Respondent made the threshold showing entitling him to a Bryant hearing and an in camera inspection by the trial judge of the proficiency test results. We assume those results would have reflected adversely on the SLED DNA lab’s performance, and that Lt. Jeffcoat could have been impeached on his statement that the lab was always correct. We hold, however, that respondent has not demonstrated that he was denied a fair trial. State v. Taylor, supra. We therefore reverse the decision of the Court of Appeals remanding the matter for further proceedings.
TOAL, C.J., MOORE, WALLER and BURNETT, JJ., concur.
 We granted certiorari to review a Court of Appeals’ decision granting respondent the same relief with regard to his convictions in Dorchester County. State v. Proctor, 347 S.C. 587, 556 S.E.2d 418 (Ct. App. 2001). In an opinion filed today, we reverse that decision as well. State v. Procter, Op. No. 25809 (S.C. Sup. Ct. filed April 19, 2004).
 Proficiency tests determine how accurately an analyst applies validated technology; their purpose is to determine what difficulties a particular examiner may encounter when applying specific methods. Edward J. Imwinkelried, DNA Typing: Emerging or Neglected Issues, 76 Wash. L. Rev. 413, 459 (2001).
 The pretrial hearing combined respondent’s requests made in this case with his requests made in the Dorchester County case. A single order was issued addressing both requests. Accordingly, our analysis here mirrors that in our Dorchester opinion.
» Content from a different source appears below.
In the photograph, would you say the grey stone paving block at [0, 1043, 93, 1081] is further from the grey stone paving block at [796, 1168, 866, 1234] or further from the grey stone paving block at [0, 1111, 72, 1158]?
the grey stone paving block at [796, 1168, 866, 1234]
 Respondent is of mixed Caucasian and African heritage.
 “[T]he suppression by the prosecution of evidence favorable to the accused upon request violates due process where the evidence is material either to guilt or to punishment….” Brady, 373 U.S. 83, 87, 83 S.Ct.1194, 1196-1197, 10 L.Ed. 2d 215, 218 .
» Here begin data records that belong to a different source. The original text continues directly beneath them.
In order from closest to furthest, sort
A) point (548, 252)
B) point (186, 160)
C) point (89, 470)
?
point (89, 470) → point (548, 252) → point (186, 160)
 “[U]pon request…the prosecution shall permit the defendant to inspect and copy any results or reports of…scientific tests or experiments…which are material to preparation of the defense….” Rule 5(a)(1)(D), SCRCrimP.
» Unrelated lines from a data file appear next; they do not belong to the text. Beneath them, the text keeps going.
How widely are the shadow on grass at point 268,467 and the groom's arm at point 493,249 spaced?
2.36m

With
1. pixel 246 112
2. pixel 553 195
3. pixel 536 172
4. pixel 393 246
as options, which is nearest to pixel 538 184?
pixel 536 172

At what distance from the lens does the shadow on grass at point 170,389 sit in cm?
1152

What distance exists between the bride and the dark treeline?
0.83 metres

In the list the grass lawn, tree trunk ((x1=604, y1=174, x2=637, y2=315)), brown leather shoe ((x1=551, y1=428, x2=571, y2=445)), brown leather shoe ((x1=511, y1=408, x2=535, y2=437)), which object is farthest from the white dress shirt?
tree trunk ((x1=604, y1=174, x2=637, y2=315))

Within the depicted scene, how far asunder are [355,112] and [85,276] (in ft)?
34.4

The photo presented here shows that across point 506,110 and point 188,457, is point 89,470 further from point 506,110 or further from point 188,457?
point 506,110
 At oral argument, the State contended that the raw material respondent sought would be meaningless to the trial judge unless he hired his own expert to assist him. We assume that, in addition to the raw data, the materials would include a summary of the results that would not require expert interpretation. Further, the State acknowledged at respondent’s pretrial hearing that it had, in fact, given this type of information to a circuit court judge in another case. We are not prepared to say that the State can arbitrate whether scientific information is too sophisticated for the average trial judge. Further, Lt. Jeffcoat referred to the proficiency testing several times in his testimony establishing the bona fides of the SLED DNA lab. So long as the State relies upon these results to bolster the lab’s credibility, it should not be surprised that defense counsel will seek to look behind its representations.